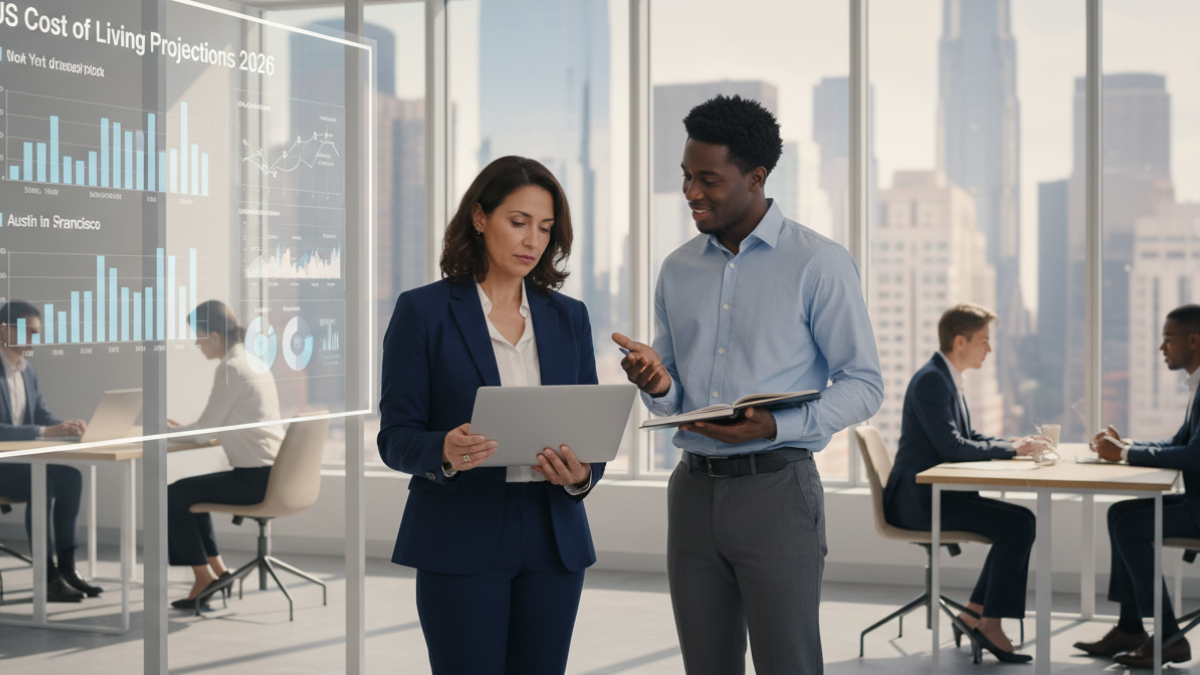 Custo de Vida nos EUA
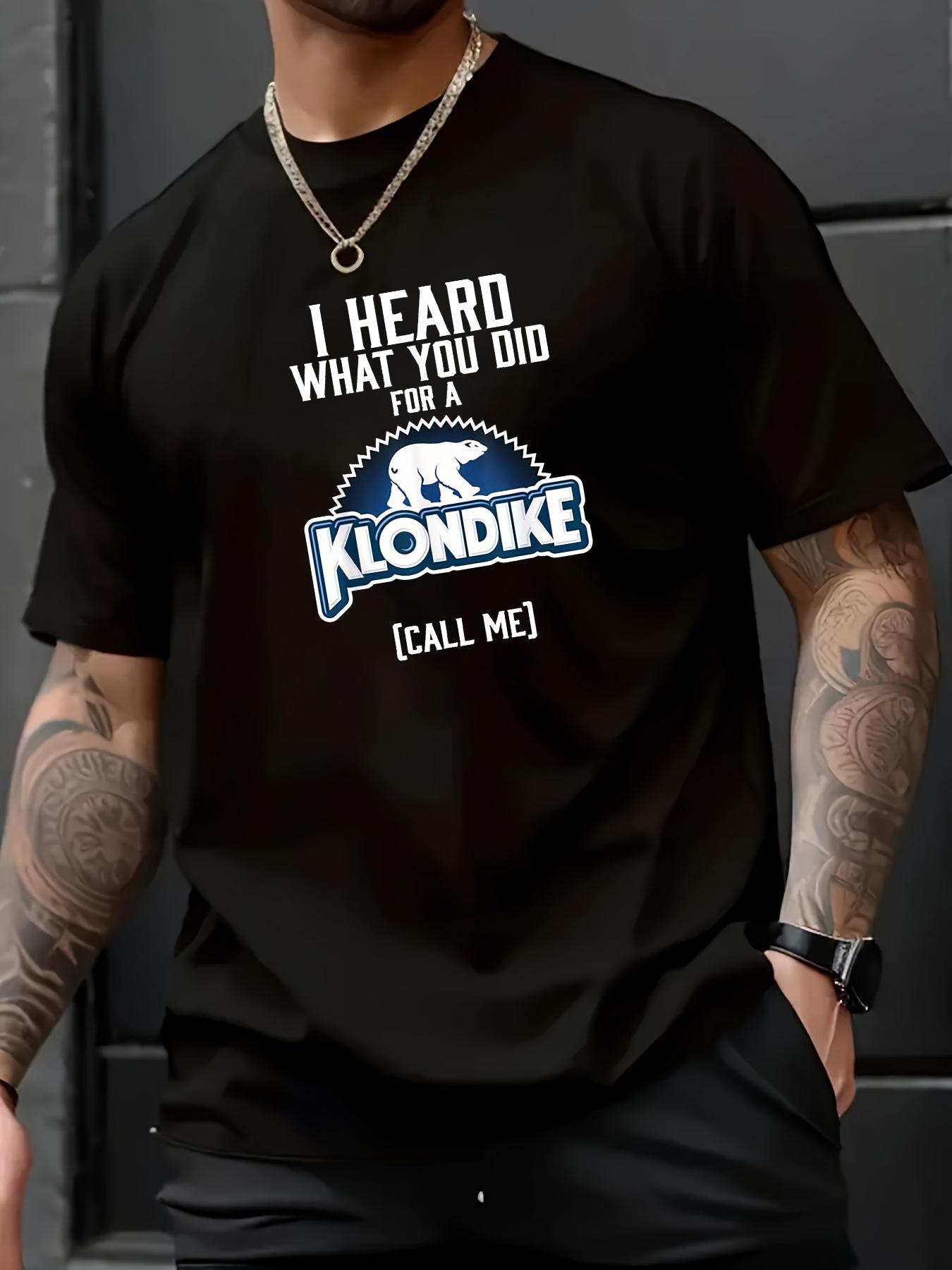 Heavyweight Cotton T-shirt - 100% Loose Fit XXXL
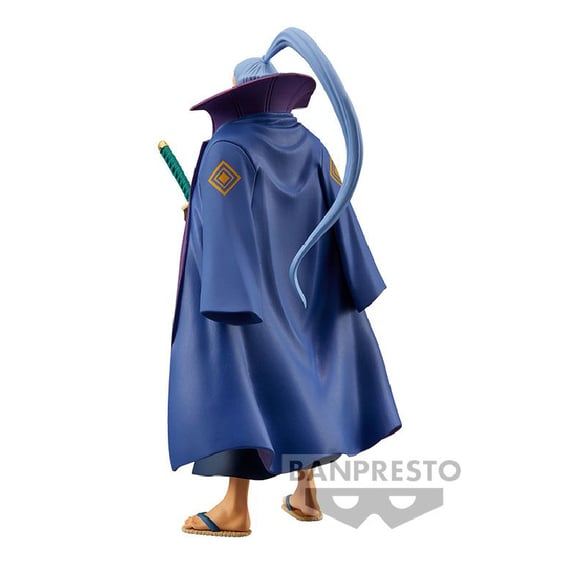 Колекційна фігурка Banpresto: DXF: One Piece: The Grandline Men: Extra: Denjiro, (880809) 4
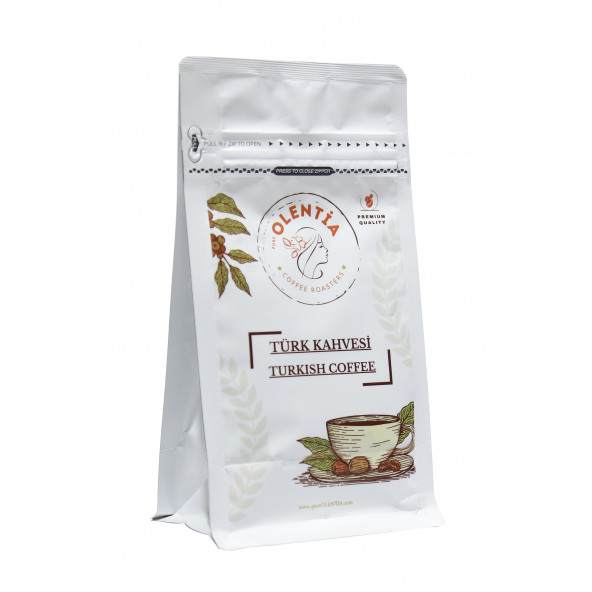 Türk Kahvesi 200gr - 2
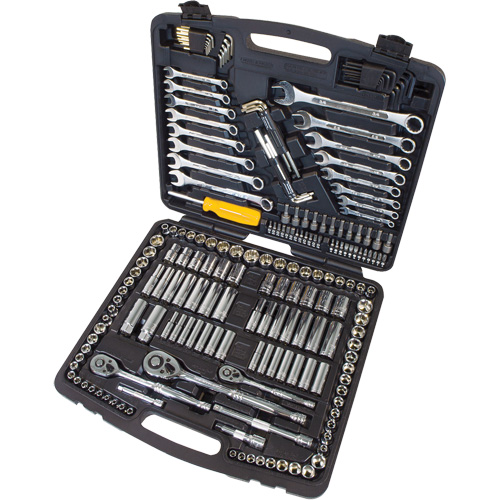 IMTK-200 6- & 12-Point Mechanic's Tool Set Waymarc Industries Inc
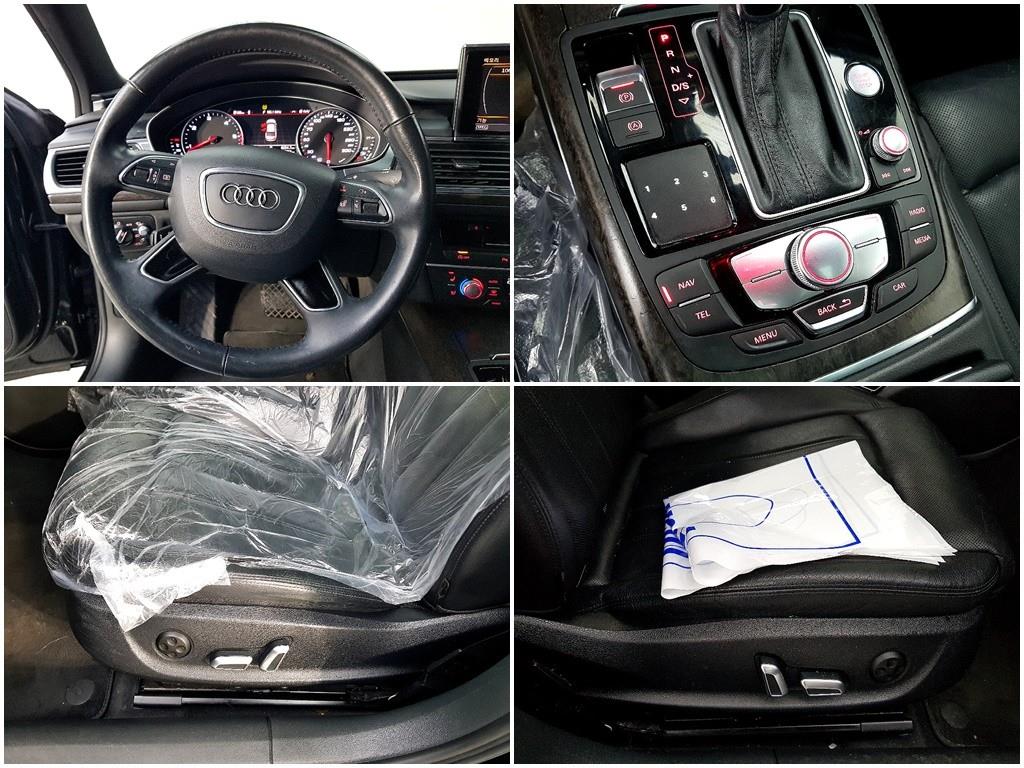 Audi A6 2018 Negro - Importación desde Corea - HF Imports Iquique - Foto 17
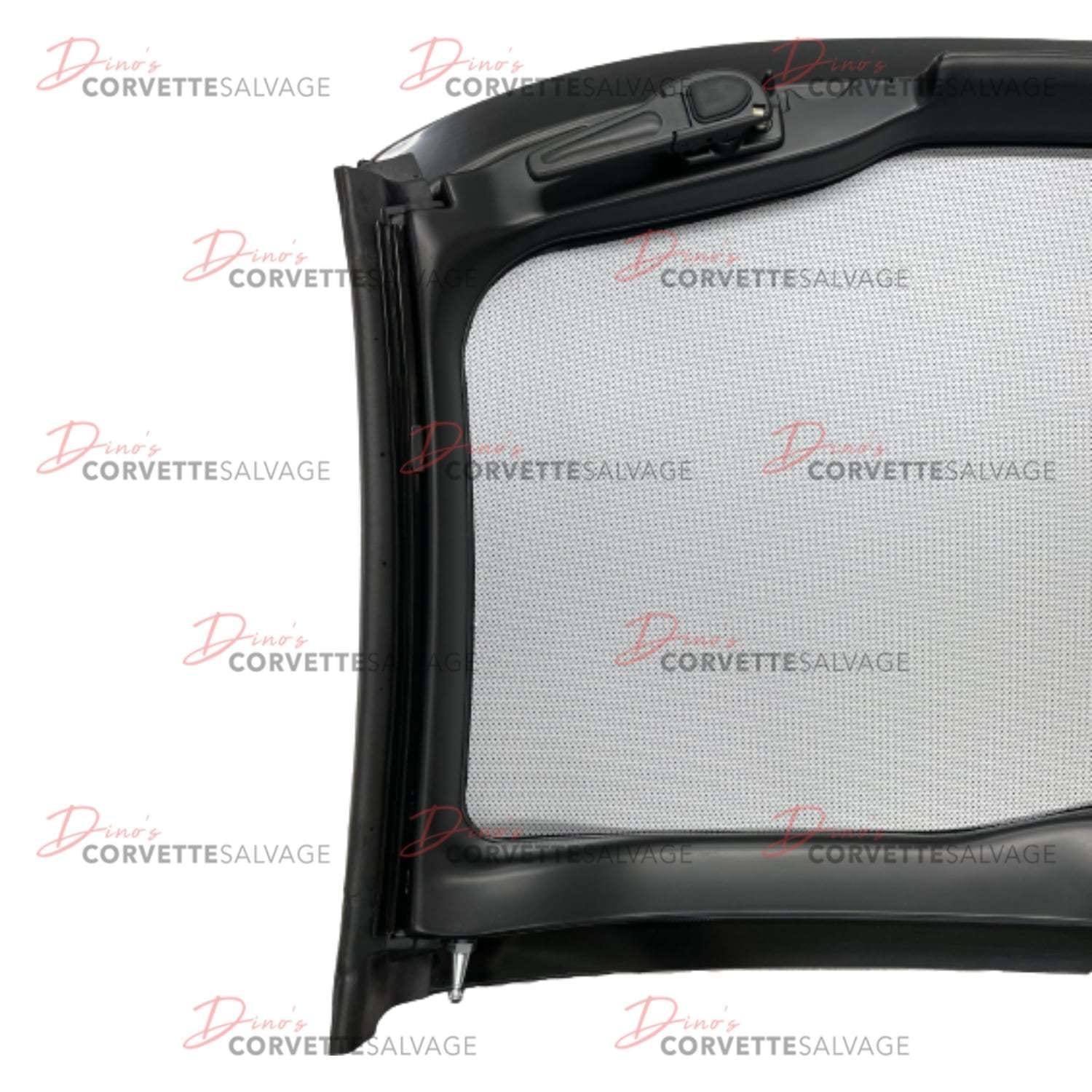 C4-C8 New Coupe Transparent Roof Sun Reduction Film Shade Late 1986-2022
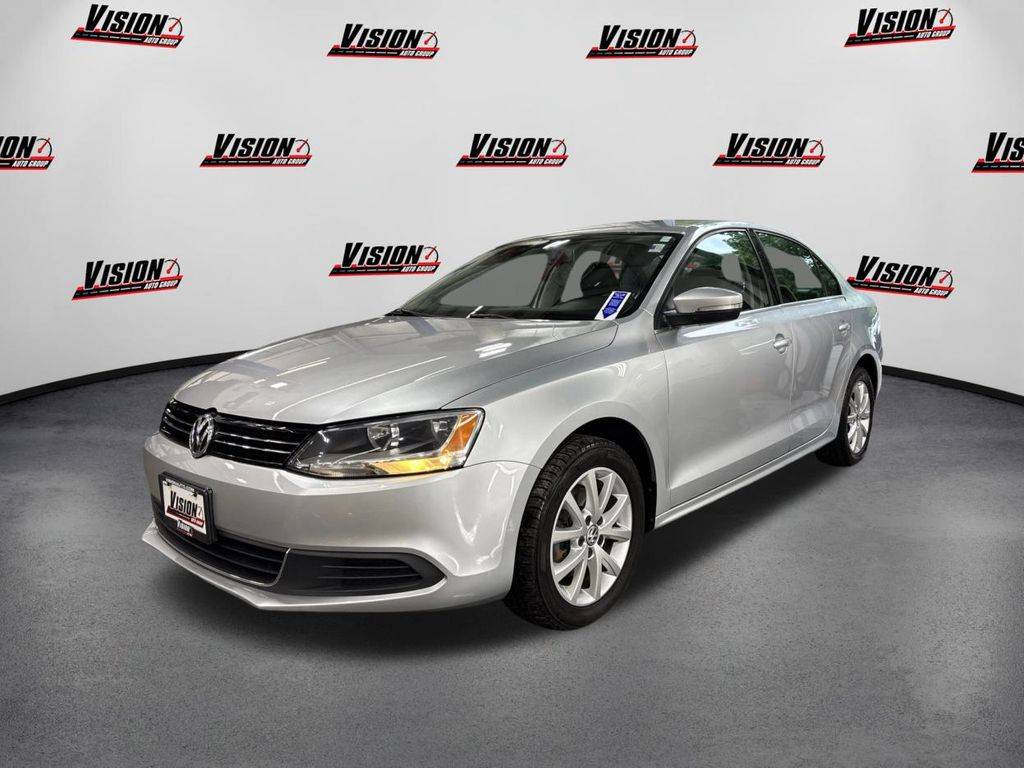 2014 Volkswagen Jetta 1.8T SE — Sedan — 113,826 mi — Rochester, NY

::::

## Work task
Only lines belong in the copy, not pictures: write out exactly the lines of the records from the first through the one holding "C4-C8 New Coupe".

## Your response
 Custo de Vida nos EUA
 Heavyweight Cotton T-shirt - 100% Loose Fit XXXL
 Колекційна фігурка Banpresto: DXF: One Piece: The Grandline Men: Extra: Denjiro, (880809) 4
 Türk Kahvesi 200gr - 2
 IMTK-200 6- & 12-Point Mechanic's Tool Set Waymarc Industries Inc
 Audi A6 2018 Negro - Importación desde Corea - HF Imports Iquique - Foto 17
 C4-C8 New Coupe Transparent Roof Sun Reduction Film Shade Late 1986-2022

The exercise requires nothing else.